If you are confident that the economy will turn around in the near future, then you would be in the minority…and that’s just the problem, according to a panel of economic experts.
It’s all about confidence and the U.S. doesn’t seem to have any right now, said Michael Miller, an associate professor of economics at DePaul University at CREW Chicago’s annual economics program.
As a result, the economy will most likely linger through anemic growth for quite some time, but, like all rough periods in our nation’s history, this too shall pass and the likelihood of a true double-dip recession is very low, he added.
While the nation has not slipped back into a period of negative growth that would signal a recession, it is growing at such a slow pace that it cannot keep up with the demand for jobs from displaced workers and new job seekers entering the workforce.
Miller pointed out that GDP will only grow at around 1 percent this year and is projected to grow at 2.5 percent next year. In order for the economy to keep up with demand for jobs it would need to add 200,000-300,000 jobs a month for several years to bring the unemployment level to a historic 5-6 percent. With no jobs added last month (17,000 added in the private sector and 17,000 lost in the public) it looks pretty grim.
The problem he says is an utter lack of confidence in consumers and businesses alike.
“After a recession, Americans historically show confidence once growth begins,” said Miller. “Now, we have no confidence.”

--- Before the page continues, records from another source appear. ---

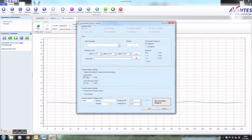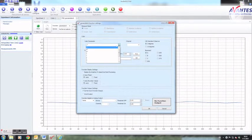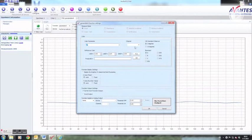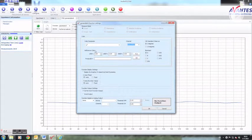Here you can select which parameter and from which spectrometer you want to measure. Reference color is not applicable in this case.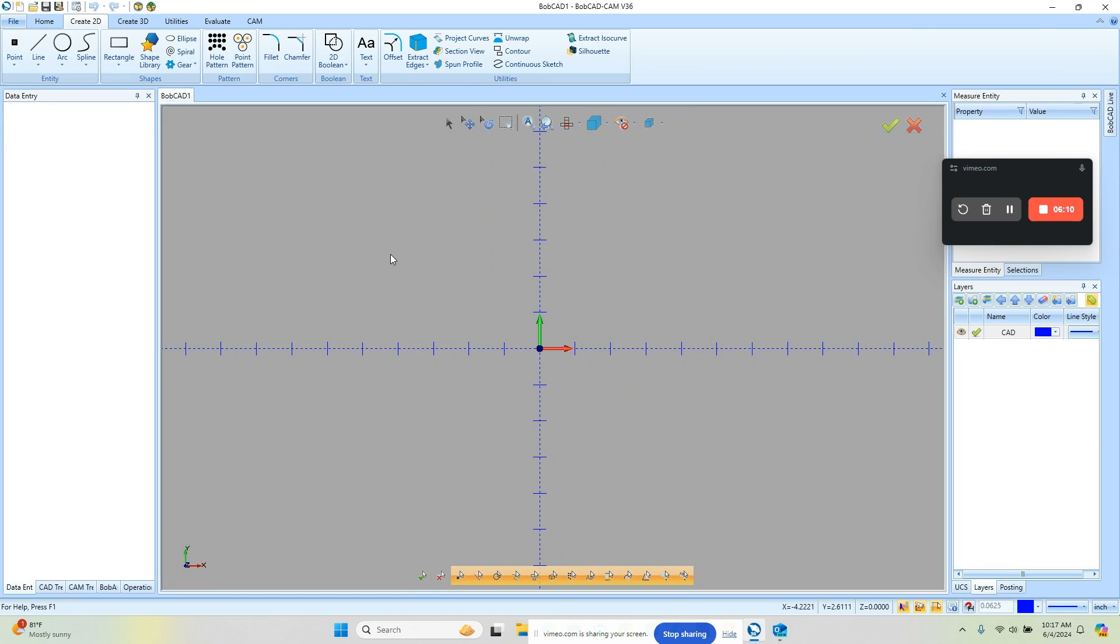Alright that's just a quick video about the CAD environment of the Bobcat CAM version 36. If you have any questions, comments, or feedback just reply back to wherever this video may be posted. Alright next one up we have file import and editing.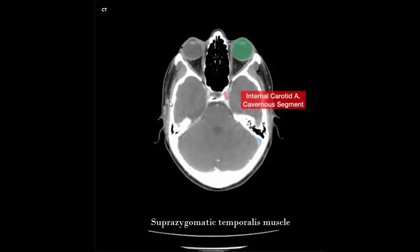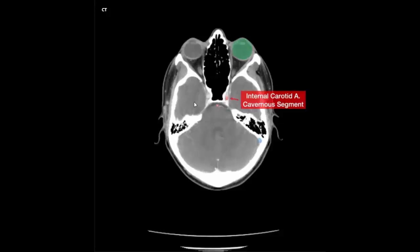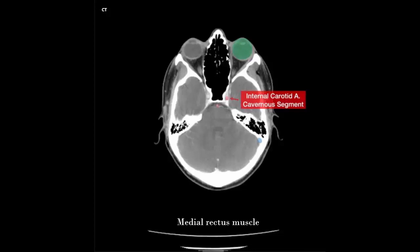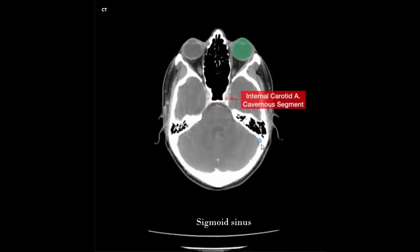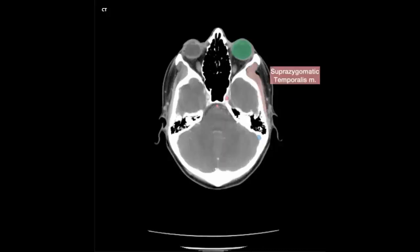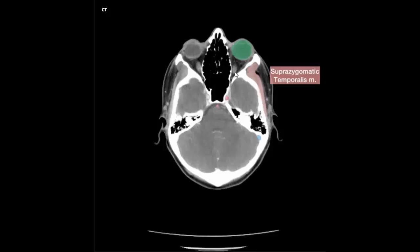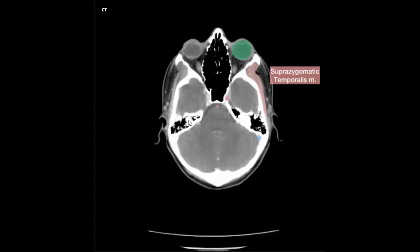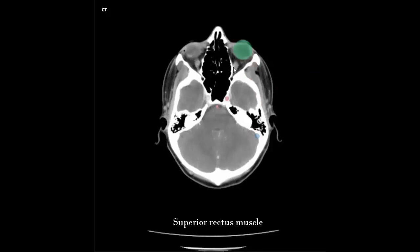Suprazygomatic temporalis muscle. Right and left globe, right and left superior rectus muscle, right and left medial rectus muscle, right and left lateral rectus muscle, right and left internal carotid artery, basilar artery, sigmoid sinus, right and left mastoid ear cell, right and left superior rectus muscle.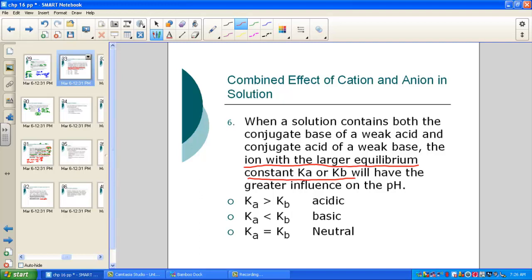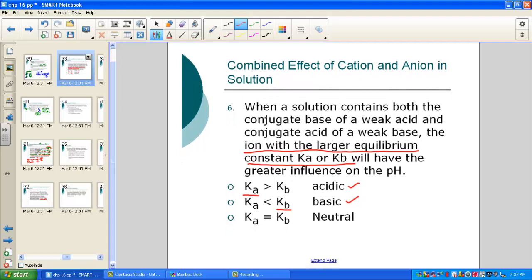When a solution contains both the conjugate base of a weak acid and the conjugate acid of a weak base, the ion with the larger K constant dominates. If Ka > Kb, the solution is acidic. If Kb > Ka, the solution is basic. If Ka = Kb, the solution is neutral — rare, but possible, requiring Ka × Kb = Kw, so each would equal 1 × 10⁻⁷.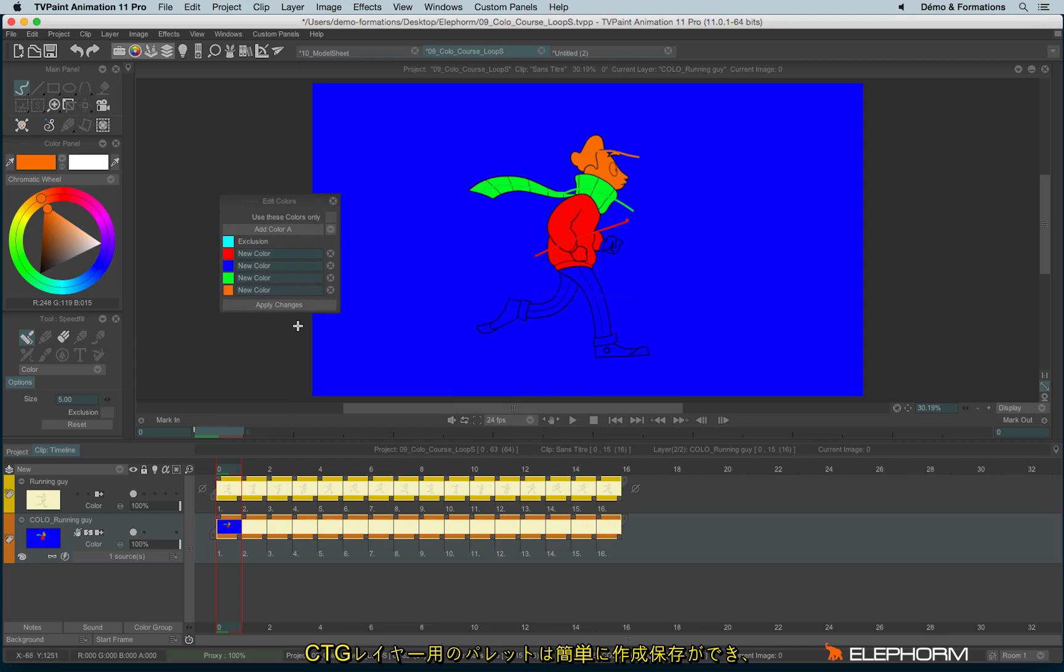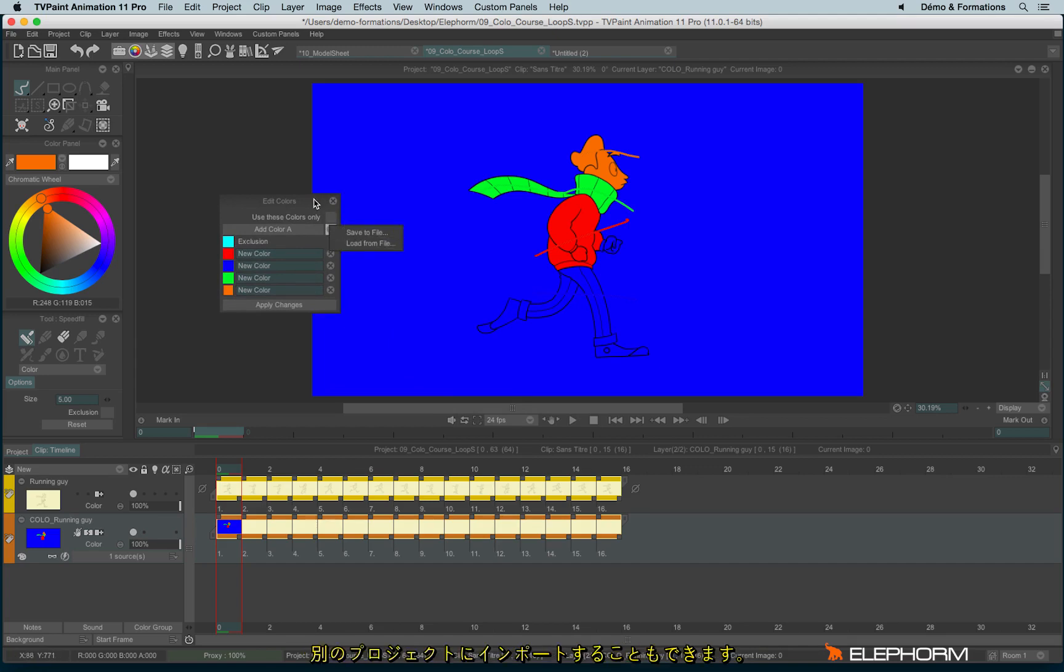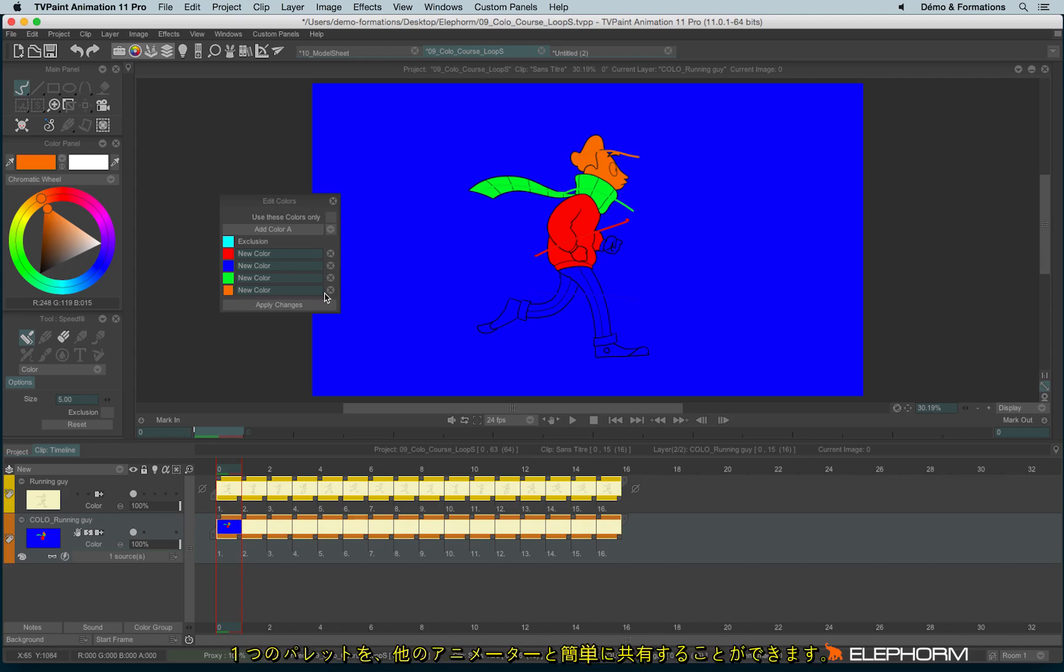So it's really easy to create a palette, save it, and import it for a different project. This is really handy since when you have created a palette, you can save it and use it with other people from your production or project.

This sentiment was echoed by Deirdre McClosky, professor of economics, history, and English at the University of Illinois at Chicago.
“Real estate is all about location, location, location,” she said connecting with the crowd of mostly real estate professionals. “This issue is all about confidence, confidence, and confidence.”
The national savings rate has gone up, which is not in step with historical trends that follow a recession. As a result, everything is stuck, creating the vicious economic cycle we find ourselves in: people aren’t buying anything because they don’t have jobs or they can’t get a loan, and companies aren’t hiring or providing loans because consumers aren’t buying anything.
Both Miller and McClosky noted that financial crises have been the hardest to recover from historically. So, it is not extremely surprising that the country is having difficulty several years after the initial shock.
Miller takes solace that there is tremendous pent-up demand, and, eventually, whether consumers want to or not, they will have to spend. Appliances break, cars need to be replaced, and delayed home improvements eventually must be addressed. There is also hope in demographics. We are still a growing population and a large portion of young workers have been unable to venture out on their own and become renters or homeowners. They have college degrees, but they are still living with their parents.
Once the economy picks up, this segment of the population should emerge and provide a much needed spark.
Putting it into a historical perspective, McColsky noted that since 1800 the country has been through 40 downturns and many of them, especially the Great Depression, were much more severe than today.
“This too shall pass,” she said.
The likelihood of a double-dip recession is remote in the eyes of Miller because there is not an inverted yield curve. An inverted yield curve, when long-term debt instruments have a lower yield than short-term debt instruments of the same quality, is almost always a harbinger of a recession.
The conversation turned a little political, with Miller declaring his Republican allegiances and McClosky describing herself as a “motherly libertarian.”
When the question of another stimulus arose, which is being proposed by the Obama administration right now, they took different approaches.
Miller thought the first stimulus was important to stabilize the economy and it supported the lowest income levels that were hardest hit by the initial recession. Now, however, it is time for the government to get out of the way.
“Government can’t make it better, it can only make it worse,” he said. “The government has to let the engine of entrepreneurship go.”
The Federal Reserve will continue to keep interest rates low, but as he pointed out, rates aren’t the problem.
“People aren’t buying homes because rates are too high, but because they don’t have jobs,” he said. “It’s confidence.”
McCloskey said that if China really wants to continue to loan us money at such a low rate, we should take it.
Both agree that tax reform would be the single most important thing that could help the stalling economy by simplifying the system and closing loopholes.